So, you may have noticed I haven’t been blogging much. Oh, you hadn’t noticed? OK, fair enough. No, this isn’t a blog about the Mike Leigh film. Or testicles. Well, maybe it’s slightly about testicles, but not in the way you were hoping. Off you trot.
OK, the rest of you, hello! Yes, I’m not blogging very much. I am a tightly wound knot of seething raging anxst and my mojo has been snagged in the tangles and can’t work free just at present. If I tug hard, I get a giant snarl – do any of you knit? Have any of you tried to find the end of the yarn in a centre-pull ball and got what we knittery types cheerfully call ‘yarn-barf’? Like that, only with off-topic wailing.
Let’s just pick a snarl and thrash our way about in it.
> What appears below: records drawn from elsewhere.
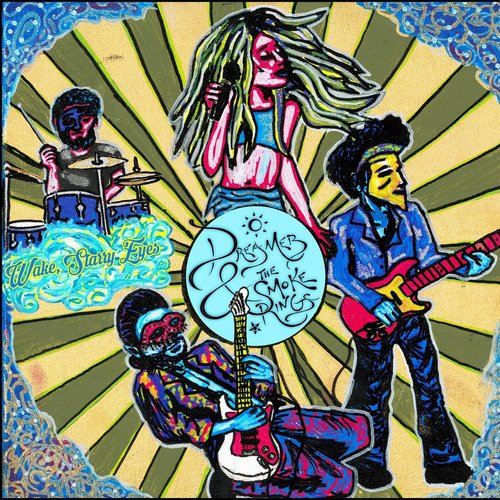 Bare Your Teeth cover art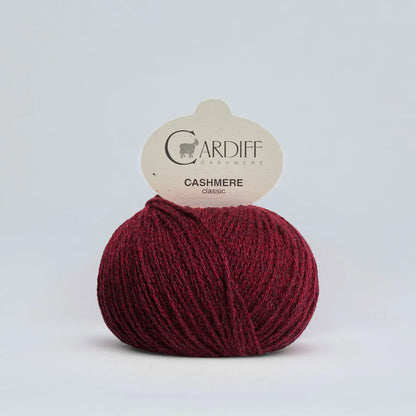 Cardiff Cashmere Classic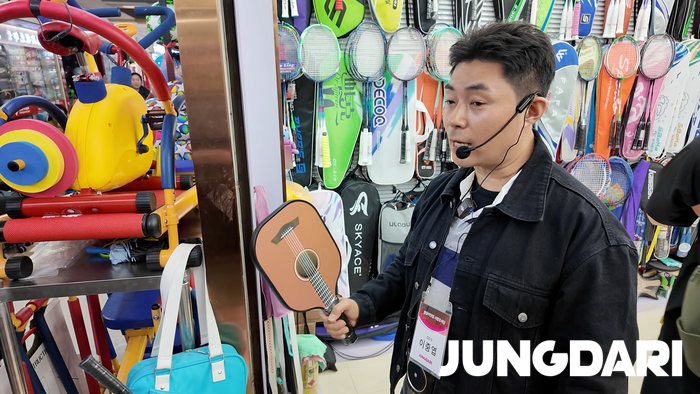 피클볼 용품 중국수입 방법｜중국구매대행으로 판매하기 좋은 스포츠용품 아이템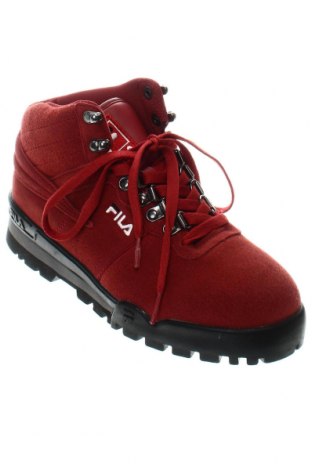 Γυναικεία παπούτσια FILA, Μέγεθος 38, Χρώμα Κόκκινο, Τιμή 45,16 €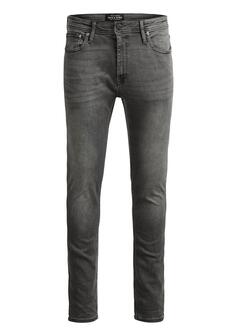 Jeans skinny - GREY DENIM - 33/32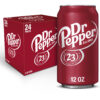 dr pepper drink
H’s Grandmother’s funeral upset me, in a way that his Grandfather’s funeral really didn’t. Grandfather’s funeral and memorial celebration the next month were extremely moving, powerful, beautiful, funny, occasions, and it was abundantly clear how loved, how missed, how memorable, he was. I cried, I still miss him, I found both events comforting and joyous, and I think a lot of other people did too. This was Grandfather. He was wonderful. He is part of us all.
Grandmother’s funeral was small and quiet, which is probably what she would’ve liked, so it’s not that at all (Grandfather’s funeral was also small and quiet (memorial celebration, not so much)). The people who spoke, her friends, her co-religionists, who’d known her from a young bride, simply had very little to say about her. The conductor of the service (who was one of those who’d known her all her adult life), get this, spent more time reminding us of the schedule for the afternoon and where we had to be when than eulogising her.
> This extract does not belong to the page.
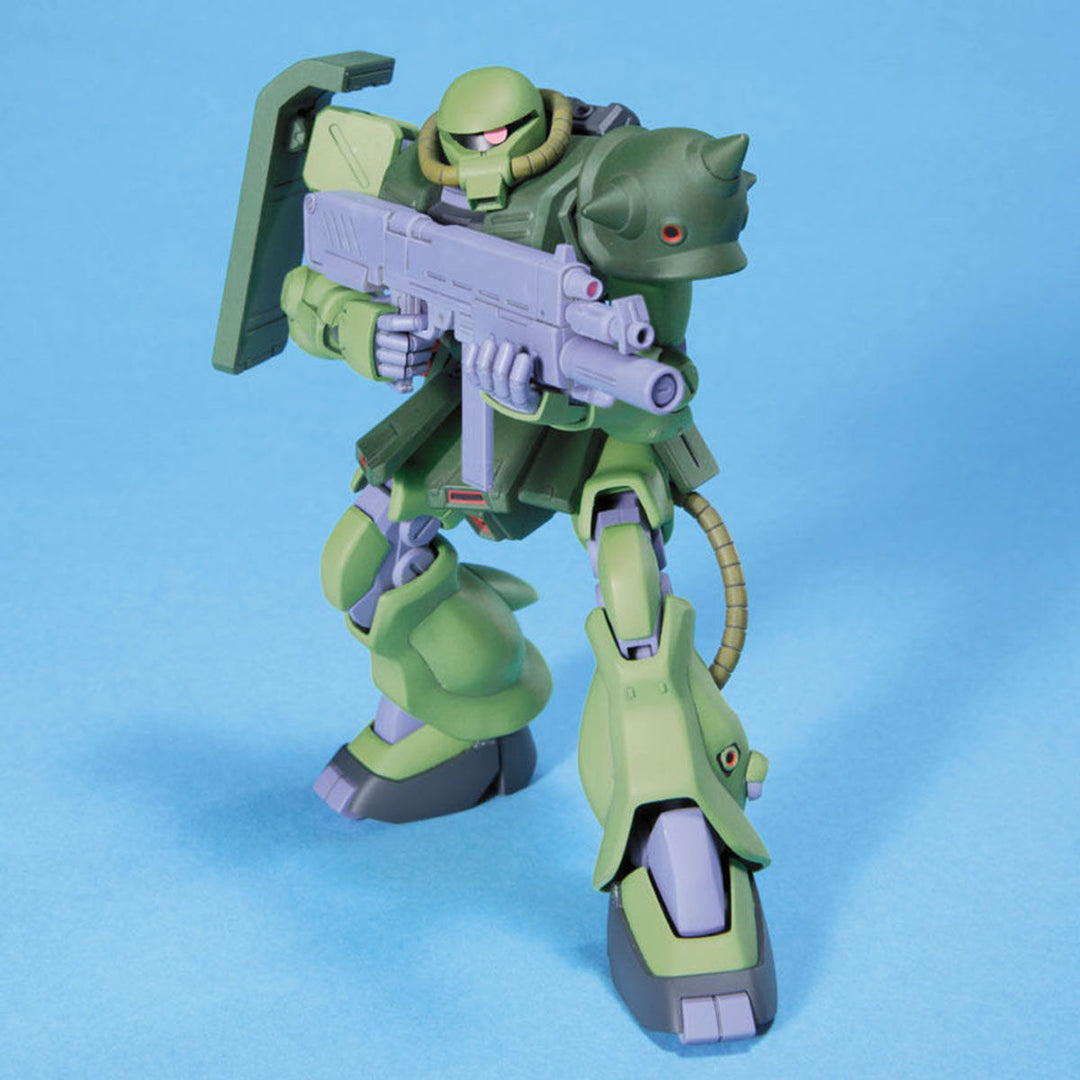 HGUC ザクII改 1/144スケール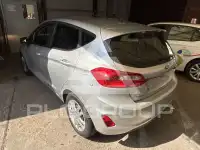 2020 Ford FIESTA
We had letters from Grandmother’s cousins reminiscing about what a funny delightful young woman she’d been, but this radiant creature didn’t feature in the funeral at all. She’d somehow been wiped out by marriage and motherhood. And now old age and death had wiped out the private, quiet, lady, who wrote good letters and loved music and flowers and among whose scraps of paper we found a beautiful poem she had written on the back of an envelope and buried in her desk. All that was left was this hollow shell – supported her husband in his work. Raised several children. Died. That was all the people who’d known her best and longest could say for her, on the day we buried her in the same grave as her husband, with her children and grandchildren standing there listening.
(I told H, if I get a funeral like that, I’m climbing out of the casket to make a fuss, I swear. I’d rather be remembered with shudders as the book-obsessed cantankerous old mad cat-lady with the tongue like a razor I shall insist on being than remembered so perfunctorily).
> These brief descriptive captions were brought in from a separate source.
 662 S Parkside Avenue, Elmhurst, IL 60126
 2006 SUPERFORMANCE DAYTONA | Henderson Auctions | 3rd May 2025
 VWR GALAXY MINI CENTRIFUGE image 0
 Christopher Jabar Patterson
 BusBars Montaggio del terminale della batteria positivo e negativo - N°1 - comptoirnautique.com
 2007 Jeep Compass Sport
This is the poem my MiL asked me to read at the graveside:
by Thomas Hardy
I am the family face;
Flesh perishes, I live on,
Projecting trait and trace
Through time to times anon,
And leaping from place to place
The years-heired feature that can
In curve and voice and eye
Despise the human span
Of durance – that is I;
The eternal thing in man,
That heeds no call to die.
The reason given for my reading it, instead of H? I am good at reading aloud, I understand poetry, I wouldn’t make a hash of the sense of it coping with the enjambed lines, interesting syntax, and metrical variations. I can cry and still speak clearly. I am not particularly self-conscious about public speaking (I read it very well, thank you). H’s poem was easier, but considerably less apropos for him. He should’ve read Heredity. I could have coached him, if we’d been sent the text sooner. He’s the one who looks like his mother, and therefore like his Grandmother. I’m the barren wife who has slammed a portcullis in the path of this particular family face, and as long as H stays loyal to me, there ain’t gonna be no leaping over oblivion. Call to die, heeded. Human span of durance, all you’re going to bloody get.
So, there’s that. Grandmother’s actual memorable self has pretty much disappeared, probably in large part because she married and had kids, but we’ll remember and celebrate that above all things, even as we forget what made her unique. Get the barren one to make the point especially. Then we can all look at her as she reads it, and at her husband’s family face, and back at her, and appreciate the fuck out of that irony.